光熱費の高騰を受け、少ないエネルギーで生活できる省エネ住宅は、今後、神奈川県の注文住宅においても主流となっていくものと予想しています。
ハウスメーカーや工務店は省エネ住宅をトレンドとしてラインナップしていますが、省エネ住宅の中でも「パッシブハウス」を知っておいて損はありません。
パッシブハウスはまだ認知度が低いため多くの人に知られてはいませんが、設備に頼り切らない方法で快適な住環境を維持する、人と自然に優しい住宅です。
そこで今回の記事では、パッシブハウスとは何か、これから省エネ住宅の代表格であるZEHとの違いはどこにあるのか、基本的な概要も含めてお伝えすることにします。
パッシブハウスとは、パッシブハウスを国内に展開する神奈川県のパッシブハウス・ジャパンによると、
断熱材や高性能な窓、熱ロスの少ない換気システムなどを駆使して、 寒さや暑さをガマンしない、快適さを生み出す家
を指します。
一般的な省エネ住宅と違って、年間で消費する一次エネルギーや冷暖房の需要、気密性に厳しい基準が設けられており、これらの基準はパッシブハウス・ジャパンによって評価、クリアしなければ認定されません。

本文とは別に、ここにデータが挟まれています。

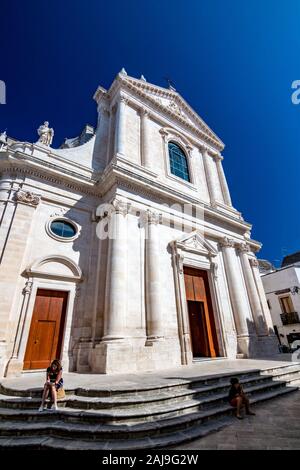 Bari, Italie - 28 août 2018 - Locorotondo dans les Pouilles, région des Pouilles, Italie du Sud est une petite ville à l'architecture étonnante, des rues étroites et atmosphère chaude. Avant de l'église, les gens assis Banque D'Images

一般的な住宅のパンフレットに記載されているような、「快適」や「高性能」といった曖昧な表現をしないため、どのような地域で建築しても同じ環境で暮らすことができます。
パッシブハウスを「低燃費の家」と表現することもありますが、冷暖房機器を全く使わないわけではありません。
しかし現実には、冷暖房機器の依存率が高い住宅が多く、この傾向は人にも環境にも良くないと考え、冷暖房機器の需要を一定以下に下げることが、パッシブハウスの認定基準にも盛り込まれています。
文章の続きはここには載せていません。